*** DATA EXTRACT ***

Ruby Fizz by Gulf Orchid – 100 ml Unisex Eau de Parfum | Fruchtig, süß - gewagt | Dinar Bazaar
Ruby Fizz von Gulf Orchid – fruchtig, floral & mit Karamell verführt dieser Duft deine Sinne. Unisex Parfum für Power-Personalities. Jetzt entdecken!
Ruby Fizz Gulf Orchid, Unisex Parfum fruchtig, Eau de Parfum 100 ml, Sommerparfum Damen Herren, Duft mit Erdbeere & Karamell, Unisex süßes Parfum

*** End of DATA EXTRACT ***

Please print the full listing shown above, exactly as it appears.

Ruby Fizz by Gulf Orchid – 100 ml Unisex Eau de Parfum | Fruchtig, süß - gewagt | Dinar Bazaar
Ruby Fizz von Gulf Orchid – fruchtig, floral & mit Karamell verführt dieser Duft deine Sinne. Unisex Parfum für Power-Personalities. Jetzt entdecken!
Ruby Fizz Gulf Orchid, Unisex Parfum fruchtig, Eau de Parfum 100 ml, Sommerparfum Damen Herren, Duft mit Erdbeere & Karamell, Unisex süßes Parfum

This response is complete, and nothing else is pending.